Thursday, August 2, 2012: 11:09 AM
Faculty of Economics, TBA
Oral Presentation
The paper analyzes the gender pay gap in private-sector management positions in Germany based on data from the German Socio-Economic Panel Study (SOEP) for the years 2000-2009 using fixed effects models and Heckman’s correction. It focuses on the effect of occupational gender composition on fulltime wages, and the extent to which wage penalties to management-level employees working in predominantly female occupations are moderated by the firm size—an effect that has not yet been analyzed in the literature. Drawing on human capital theory, devaluation of women’s work and organizational approaches, we find wage penalties for “women’s work” in managerial positions only in large firms. This speaks for a pronounced devaluation of predominantly female occupations for managers in these firms, which might be due to the observation that large firms tend to be older and characterized by more formalized structures, more established “old-boy networks,” and a wider gap between wages for predominantly male and female occupations.
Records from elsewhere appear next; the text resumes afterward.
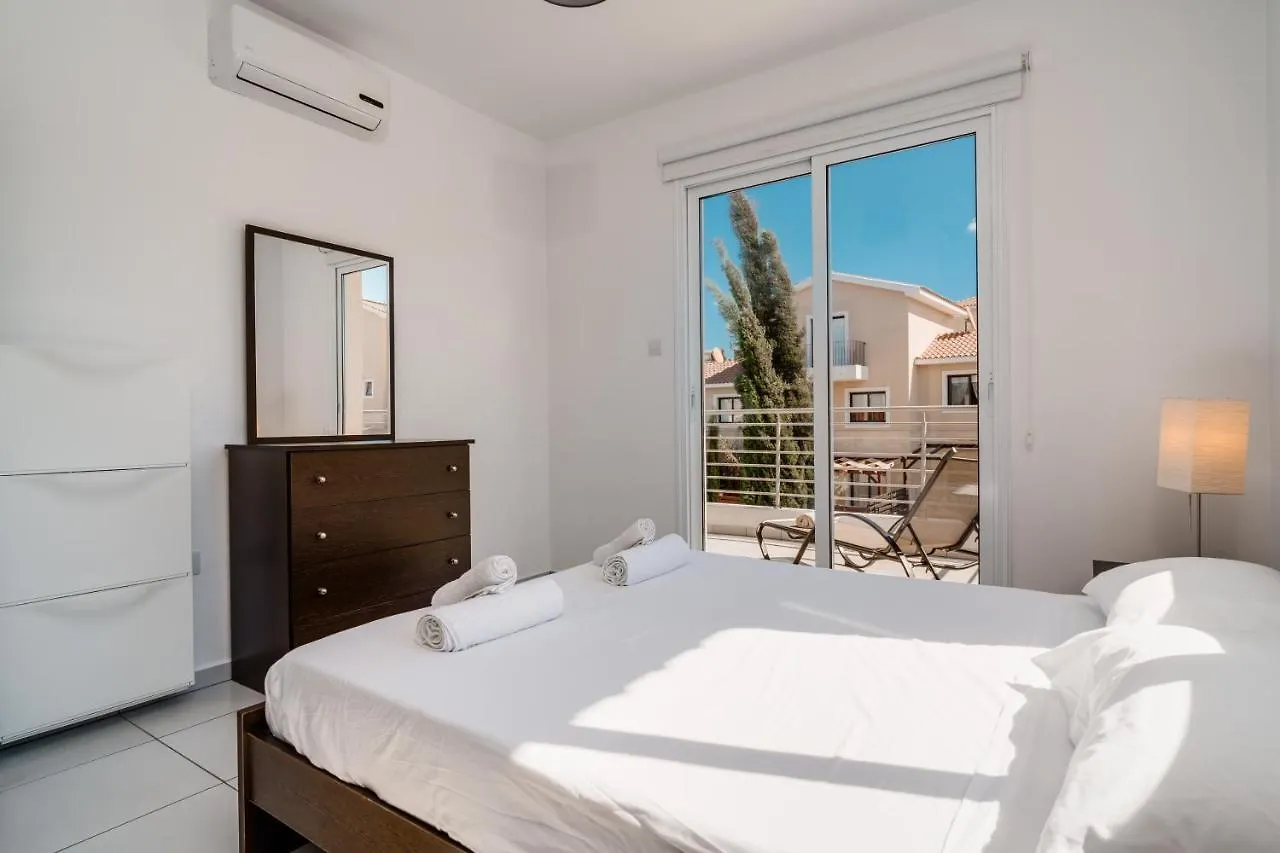 Lovely 2 Bedroom Family Apartment W/ Pool Protaras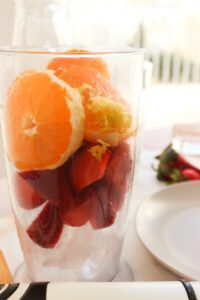 frutas en un tazón transparente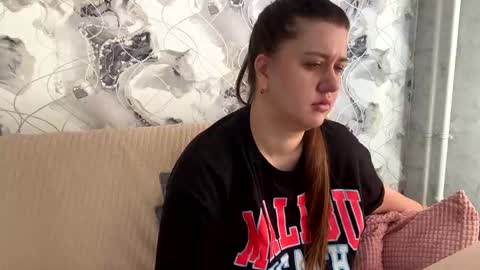Snapshot of aletta_oushen chatting on February 26, 6:37 am Aletta Oushen online show from February 26, 6:37 am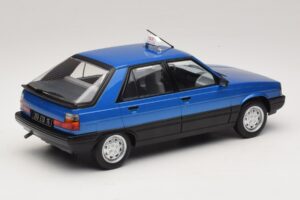Renault 11 GTL Taxi James Bond MCG 1:18 MCG18833 Fém – 2. kép a 6-ből
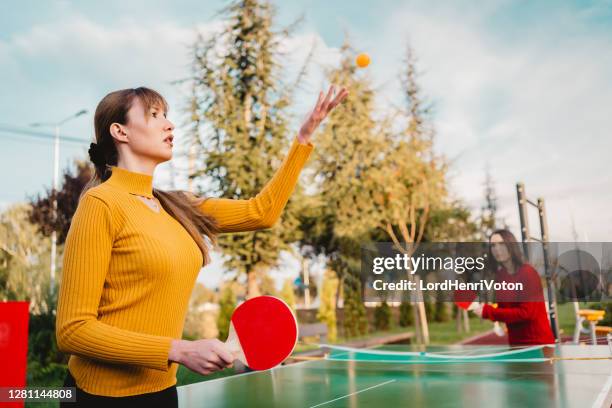 vrouwen die lijsttennis spelen - women's table tennis stockfoto's en -beelden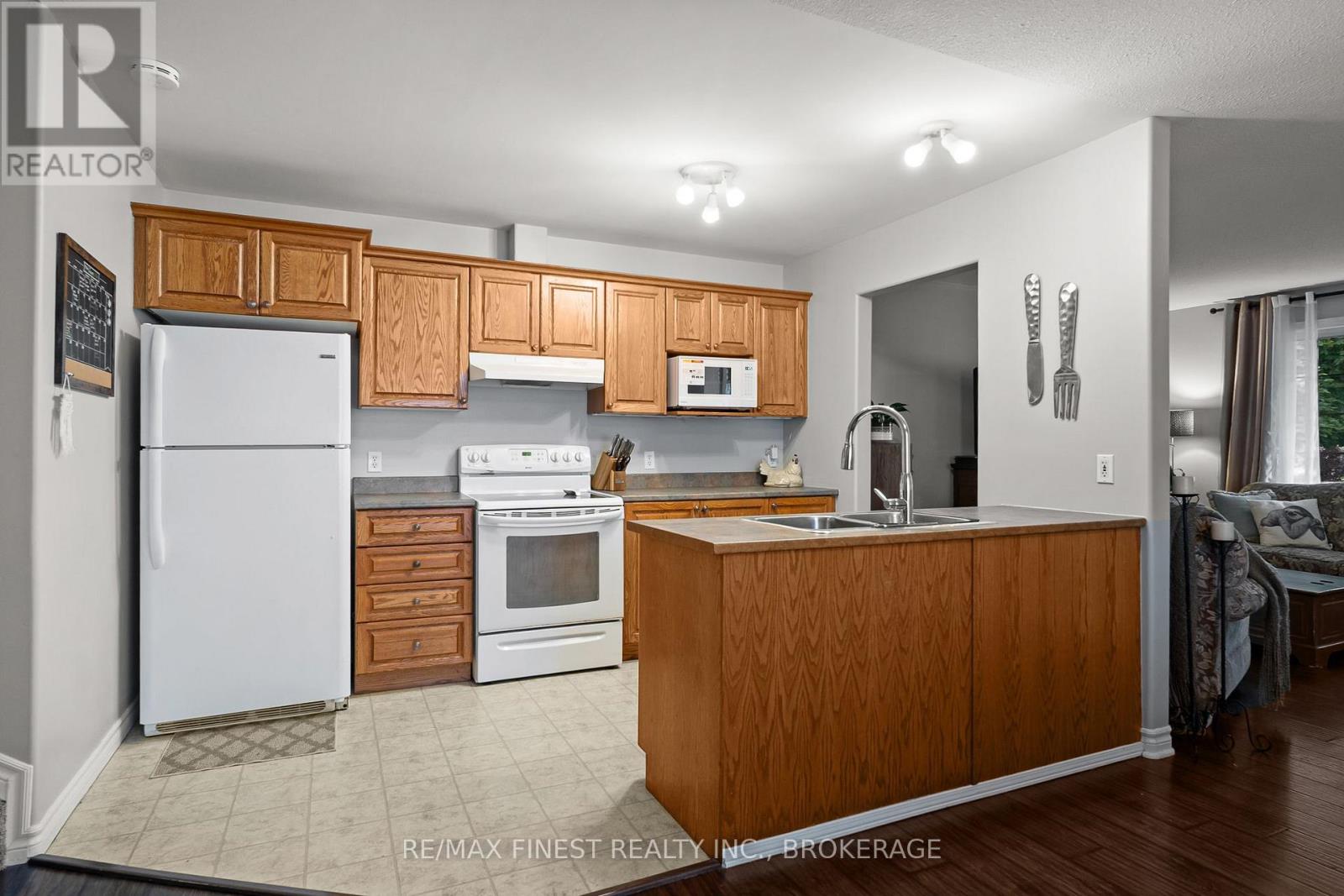 134 BRICELAND STREET - 17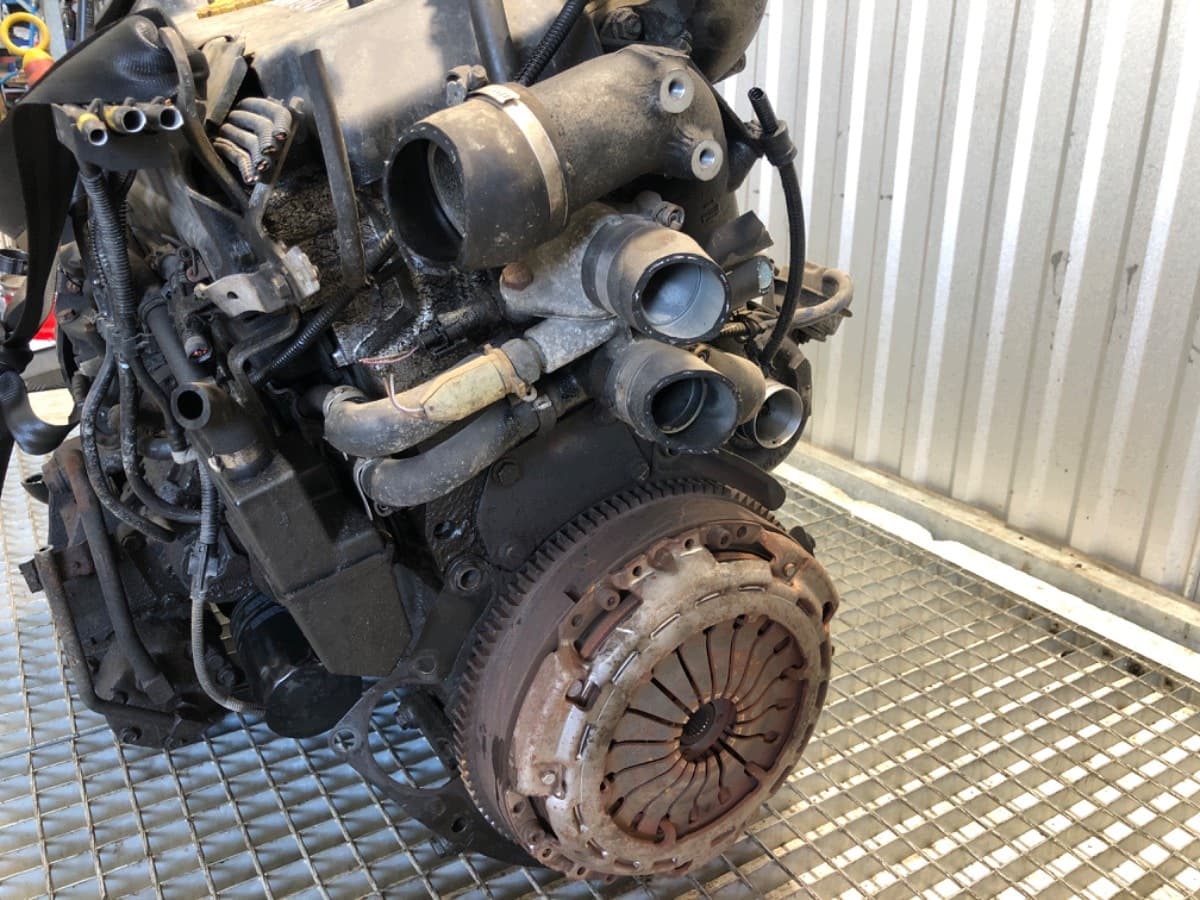 Moteur 8140.43 — vue 6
Interestingly we find a positive segregation effect in small firms for women, showing higher wages for those who work in women’s occupations. More research is needed to explain this. One argument may be that in small firms—where larger proportions of women are managers and “old-boy networks” may therefore be less common—female managers have more power to overcome traditional structures of inequitable pay for women’s and men’s occupations and to give predominantly female occupations a slight advantage over men’s occupations.